ML Training and Deployment Pipeline Using Databricks


Summary

Managing the entire lifecycle of a machine learning (ML) model from inception to deployment in production can be a daunting task involving multiple systems and lots of moving parts. At Ripple we have a mix of cloud providers (GCP and AWS) and internally managed tools (Gitlab, Artifactory, Vault etc.), and we needed a managed solution that would help us deliver models to product use cases within a short amount of time, which led us to choose Databricks. This blog outlines Ripple’s general design and approach for machine learning model lifecycle management using Databricks.

Machine Learning at Ripple

Ripple’s enterprise-grade solutions allow customers to: source crypto, facilitate instant payments, empower their treasury, engage new audiences, lower capital requirements, and drive new revenue. We use machine learning to predict customer demand in global markets, execute orders intelligently on crypto exchanges and save on costs. As we’ve increased our investments in machine learning solutions, the applied science team has created many parts of the ML platform from scratch while figuring out how to make it work well with our existing software stack. This has been challenging and exciting work finding the right tools to help us achieve our goals.

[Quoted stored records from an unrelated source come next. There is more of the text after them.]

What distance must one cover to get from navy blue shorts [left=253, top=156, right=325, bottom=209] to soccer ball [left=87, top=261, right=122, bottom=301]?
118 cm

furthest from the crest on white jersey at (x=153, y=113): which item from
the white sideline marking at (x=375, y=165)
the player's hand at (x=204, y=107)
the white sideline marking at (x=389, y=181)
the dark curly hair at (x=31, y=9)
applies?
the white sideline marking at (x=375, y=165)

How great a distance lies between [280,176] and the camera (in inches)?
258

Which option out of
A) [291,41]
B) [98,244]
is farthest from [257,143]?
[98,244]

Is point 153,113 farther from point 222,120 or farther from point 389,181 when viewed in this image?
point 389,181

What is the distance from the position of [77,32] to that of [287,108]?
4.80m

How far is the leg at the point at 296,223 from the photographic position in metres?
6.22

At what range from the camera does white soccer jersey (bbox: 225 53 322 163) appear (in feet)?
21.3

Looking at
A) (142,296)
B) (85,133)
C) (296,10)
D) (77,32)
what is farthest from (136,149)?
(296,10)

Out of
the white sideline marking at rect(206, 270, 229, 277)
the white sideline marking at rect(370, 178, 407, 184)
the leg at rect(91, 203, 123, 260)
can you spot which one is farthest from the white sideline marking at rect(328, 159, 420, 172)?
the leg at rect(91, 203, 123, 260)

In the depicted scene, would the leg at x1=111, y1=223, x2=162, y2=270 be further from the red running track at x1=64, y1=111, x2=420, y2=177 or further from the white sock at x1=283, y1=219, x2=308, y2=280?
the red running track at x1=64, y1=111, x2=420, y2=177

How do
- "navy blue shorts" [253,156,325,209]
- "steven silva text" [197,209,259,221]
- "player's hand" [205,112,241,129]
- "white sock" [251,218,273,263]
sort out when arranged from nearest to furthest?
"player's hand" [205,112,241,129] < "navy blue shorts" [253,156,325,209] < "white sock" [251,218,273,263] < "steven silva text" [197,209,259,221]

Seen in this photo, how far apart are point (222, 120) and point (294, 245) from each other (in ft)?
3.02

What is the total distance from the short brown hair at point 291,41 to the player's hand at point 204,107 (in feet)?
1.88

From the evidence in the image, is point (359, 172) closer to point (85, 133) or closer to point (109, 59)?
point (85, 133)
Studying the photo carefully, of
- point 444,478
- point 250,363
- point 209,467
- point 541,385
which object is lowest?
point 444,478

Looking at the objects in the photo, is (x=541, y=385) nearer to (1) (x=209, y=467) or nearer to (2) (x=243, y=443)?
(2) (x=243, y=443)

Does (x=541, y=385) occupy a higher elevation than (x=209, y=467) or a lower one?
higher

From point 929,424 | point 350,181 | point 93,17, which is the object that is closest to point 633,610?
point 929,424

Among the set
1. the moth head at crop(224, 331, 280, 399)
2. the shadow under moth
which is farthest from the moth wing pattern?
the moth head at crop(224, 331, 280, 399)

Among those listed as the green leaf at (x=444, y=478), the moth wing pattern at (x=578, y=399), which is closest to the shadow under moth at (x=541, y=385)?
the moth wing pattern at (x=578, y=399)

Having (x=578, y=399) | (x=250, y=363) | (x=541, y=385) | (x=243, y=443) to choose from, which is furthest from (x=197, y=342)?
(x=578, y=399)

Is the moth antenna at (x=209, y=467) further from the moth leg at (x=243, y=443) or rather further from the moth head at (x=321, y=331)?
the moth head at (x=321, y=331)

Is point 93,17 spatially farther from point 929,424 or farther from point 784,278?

Challenges and Assumptions

  • We need to track model files and all related metadata for models like training metrics, date trained, etc. and store this information for a long time.
  • The main reason for this is compliance and internal quality checks.
  • Tracking models and all associated data is helpful in tracking performance over time, backtesting experiments and A/B testing.
  • Due to security and compliance requirements we need to deploy our models in our own cluster, packaged within a microservice, on AWS.
  • The specific Kubernetes clusters we deploy on our ML services were chosen as they are supported fully by our security and platform teams.
  • In the future, we plan to explore serverless real-time inference.
  • Our training code is stored on GitLab which is very securely locked down making it harder to integrate with a development platform like Databricks.
  • GitLab also has our CI-CD pipeline to deploy ML services which makes it crucial to have optimal synergy between GitlLab and Databricks.


General Model Lifecycle

Experimentation and Development:
We use notebooks inside Databricks chiefly for experimentation, and these notebooks run on interactive clusters. Each cluster has a service account that has access to the requisite data. All model runs, associated performance metrics, and hyperparameters are stored in the model registry. The experiments and model registry are crucial to compare and contrast the performance of various models using a simple easy-to-use user interface.

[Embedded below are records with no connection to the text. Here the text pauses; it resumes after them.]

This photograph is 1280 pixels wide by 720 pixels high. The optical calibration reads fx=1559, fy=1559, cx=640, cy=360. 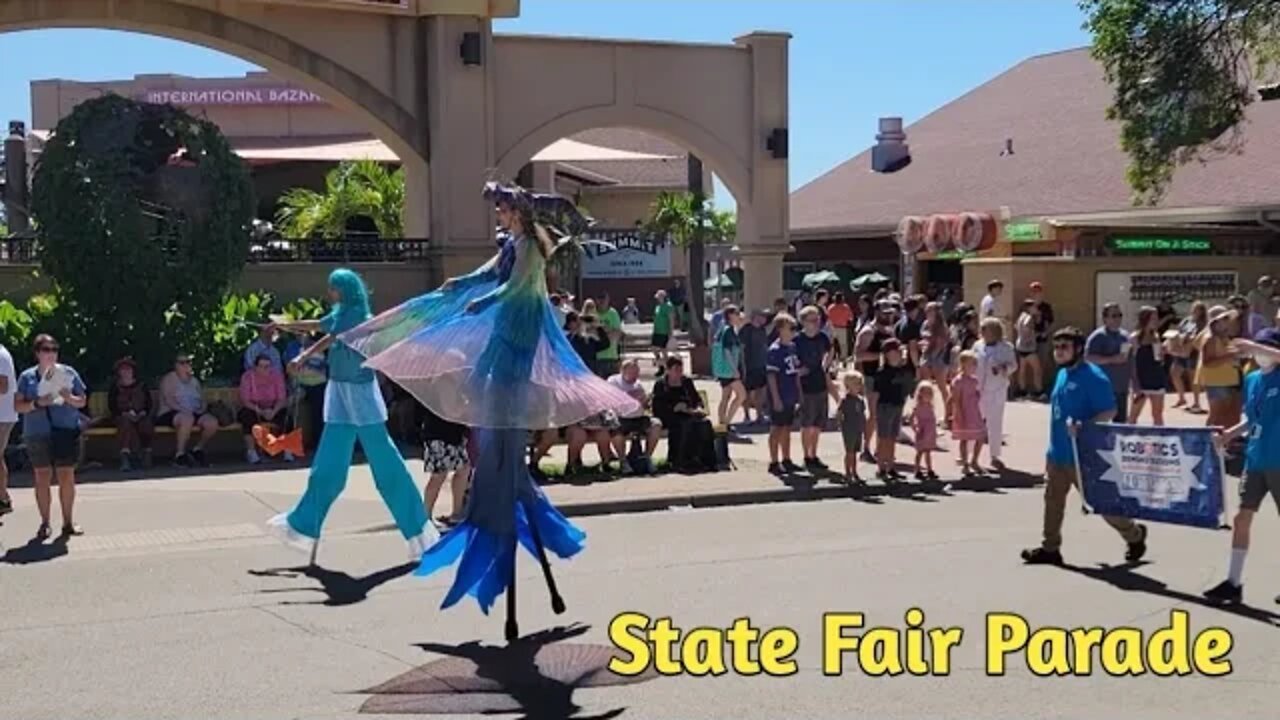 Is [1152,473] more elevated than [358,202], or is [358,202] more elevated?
[358,202]

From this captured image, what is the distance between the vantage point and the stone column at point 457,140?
19.8m

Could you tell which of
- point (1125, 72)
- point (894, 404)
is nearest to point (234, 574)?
point (894, 404)

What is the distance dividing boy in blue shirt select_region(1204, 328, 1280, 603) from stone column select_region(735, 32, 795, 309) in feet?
43.9

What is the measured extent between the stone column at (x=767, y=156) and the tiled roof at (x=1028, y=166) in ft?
40.4

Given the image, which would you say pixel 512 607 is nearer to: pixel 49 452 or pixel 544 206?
pixel 544 206

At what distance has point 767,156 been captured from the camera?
874 inches

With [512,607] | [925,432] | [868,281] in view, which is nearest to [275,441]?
[512,607]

We use the Databricks feature store to train our models. The features are created by sourcing data from various tables and data sources, and the feature store helps us abstract away the model training from the data collection operations.


Deployment and Re-training:
The model promotion and re-training cadence are explained in the steps below and illustrated in the flow diagram section.

Steps:

  1. A re-training job/workflow is set up in Databricks by an ML engineer that trains the model at a preset cadence. The model is trained on the latest available data, pulled from BigQuery and the Databricks feature store.
  2. Once the re-training job runs successfully, we obtain certain training metrics for the model, and if the model meets the basic requirements on each metric it is automatically promoted to staging in the experiment.
  3. The applied scientist updates the staging changelog to reflect the new model and model path in a new git branch, commits and pushes it back to GitLab. They will then create a merge request to be reviewed by others on the team.
  4. After the merge request is approved a deployment pipeline is started in GitLab. If it isn’t approved, then the applied scientist will work on the model again in Databricks.
  5. Unit, functional and other basic tests are run, and the service is packaged into a Docker image with the new model file. If these tests succeed the service containing the model is then deployed to our dev and staging Kubernetes environments.
  6. This is followed by pre-production tests, and if they succeed the service the new model is deployed to our production Kubernetes environment.
  7. As soon as this happens an API call is made to the experiment in our Databricks workspace to promote that model from Staging to Production and the production change log is also updated.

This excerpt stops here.